Bücher, die man nicht mehr liest, in öffentliche Bücherschränke zu geben (da gibts einen Ecke Westbahnstraße/Zieglergasse glaub ich, da stehen immer Leute dort. Und im Dellago gibts übrigens auch ein Regal, wo man die Bücher hinbringen kann …okok, ich hör schon auf, aber wenns halt wahr ist…)

Weber, selbst Journalist, rät dazu, die Filterblase aufzubrechen und nicht mehr nur die Artikel zu lesen, die einem durch die Timeline auf Facebook und Twitter von Freunden empfohlen werden. Sondern auch mal wirklich Zeitung (3 Punkte) zu lesen, eventuell sogar die, die einem politisch nicht zwingend entspricht.

Und mein Lieblingstipp:  Im Sinne der Nachhaltigkeit (Entschleunigung, bewusster Konsum, weil schlicht mehr Zeit dazu, über Konsumhandlungen nachzudenken) fordert Weber die 30-h-Woche. Darüber denke ich auch schon eine Weile nach, ob viele von uns inkl. ich bei 30h nicht genauso effektiv wären wie bei 40h Arbeitszeit und gleichzeitig einfach mehr Zeit für sich selbst und anderweitige Projekte hätten! Ich habe zumindest 2012 für ein halbes Jahr Teilzeit gearbeitet und genau diesen Eindruck gewonnen. Ich hab meine Aufgaben ungleich schneller erledigt, weil ich wusste, wenn ich jetzt zackzack mach, dann kann ich um zwei bei der Hütte rausspazieren und hab noch was vom Tag. Das ganze jetzt aus der Perspektive Nachhaltigkeit zu lesen, fand ich sehr spannend.

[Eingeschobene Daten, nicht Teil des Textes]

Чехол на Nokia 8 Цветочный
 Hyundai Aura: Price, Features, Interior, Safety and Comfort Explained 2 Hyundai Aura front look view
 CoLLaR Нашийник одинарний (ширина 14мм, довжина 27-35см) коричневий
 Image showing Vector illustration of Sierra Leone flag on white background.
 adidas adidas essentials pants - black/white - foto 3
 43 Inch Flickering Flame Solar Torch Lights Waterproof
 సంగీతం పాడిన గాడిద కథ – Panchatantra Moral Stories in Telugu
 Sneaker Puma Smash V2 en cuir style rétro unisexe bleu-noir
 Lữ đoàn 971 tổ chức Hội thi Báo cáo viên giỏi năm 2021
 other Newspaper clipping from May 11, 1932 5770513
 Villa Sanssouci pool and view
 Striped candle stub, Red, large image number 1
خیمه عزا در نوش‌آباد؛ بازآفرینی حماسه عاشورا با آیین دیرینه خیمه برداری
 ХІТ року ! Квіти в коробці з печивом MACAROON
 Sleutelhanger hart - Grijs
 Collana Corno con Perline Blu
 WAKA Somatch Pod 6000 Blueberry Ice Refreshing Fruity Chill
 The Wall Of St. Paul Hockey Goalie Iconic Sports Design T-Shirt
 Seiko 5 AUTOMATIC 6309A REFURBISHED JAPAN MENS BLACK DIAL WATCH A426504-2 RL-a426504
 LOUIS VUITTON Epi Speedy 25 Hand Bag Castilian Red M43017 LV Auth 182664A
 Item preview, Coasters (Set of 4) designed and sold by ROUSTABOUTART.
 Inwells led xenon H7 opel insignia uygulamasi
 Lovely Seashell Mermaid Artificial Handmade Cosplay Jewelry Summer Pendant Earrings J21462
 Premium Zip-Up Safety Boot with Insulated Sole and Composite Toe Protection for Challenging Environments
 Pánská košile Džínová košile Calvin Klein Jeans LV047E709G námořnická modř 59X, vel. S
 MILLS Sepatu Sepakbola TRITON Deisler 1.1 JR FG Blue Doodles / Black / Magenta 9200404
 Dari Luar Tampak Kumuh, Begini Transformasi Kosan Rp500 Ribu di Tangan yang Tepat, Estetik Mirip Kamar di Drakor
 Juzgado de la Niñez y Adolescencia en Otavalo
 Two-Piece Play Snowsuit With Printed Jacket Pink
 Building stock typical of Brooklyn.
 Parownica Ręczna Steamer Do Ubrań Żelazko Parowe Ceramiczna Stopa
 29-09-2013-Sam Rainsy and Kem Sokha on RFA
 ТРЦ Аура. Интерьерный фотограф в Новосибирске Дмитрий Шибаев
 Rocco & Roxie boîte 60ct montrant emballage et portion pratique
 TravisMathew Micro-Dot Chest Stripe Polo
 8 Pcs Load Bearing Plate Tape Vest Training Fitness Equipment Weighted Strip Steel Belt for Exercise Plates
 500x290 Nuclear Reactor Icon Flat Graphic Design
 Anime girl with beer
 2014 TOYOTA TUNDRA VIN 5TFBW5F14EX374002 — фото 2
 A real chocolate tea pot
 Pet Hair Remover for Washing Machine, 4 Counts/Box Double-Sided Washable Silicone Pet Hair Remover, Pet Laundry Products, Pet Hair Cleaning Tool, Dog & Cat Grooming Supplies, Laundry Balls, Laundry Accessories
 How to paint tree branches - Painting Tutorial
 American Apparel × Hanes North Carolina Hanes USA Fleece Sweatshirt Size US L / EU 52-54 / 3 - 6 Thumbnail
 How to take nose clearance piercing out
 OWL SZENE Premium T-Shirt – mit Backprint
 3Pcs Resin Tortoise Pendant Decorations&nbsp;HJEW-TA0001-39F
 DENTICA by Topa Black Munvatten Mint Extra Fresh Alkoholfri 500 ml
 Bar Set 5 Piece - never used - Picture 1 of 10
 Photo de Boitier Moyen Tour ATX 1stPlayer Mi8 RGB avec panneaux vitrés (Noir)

Kurz, ein Buch, das wirklich wertvolle und gut umsetzbare Tipps gibt, wie man mit seinen eigenen Alltagshandlungen bewusster umgeht – aber auch eines, bei dem man beim Lesen auch mal drüberstolpert und sich denkt „Momeeent mal. Ganz so ist das jetzt aber sicher nicht!“ Oder:  „Wie bobo isn das bitte?“. Aber wer Thomas Weber kennt, weiß: Der will das so. Der will immer so ein bissl provozieren. Und ich find das gut, weil er damit Leute dazu bringt, sich mit diesen Themen auseinander zu setzen.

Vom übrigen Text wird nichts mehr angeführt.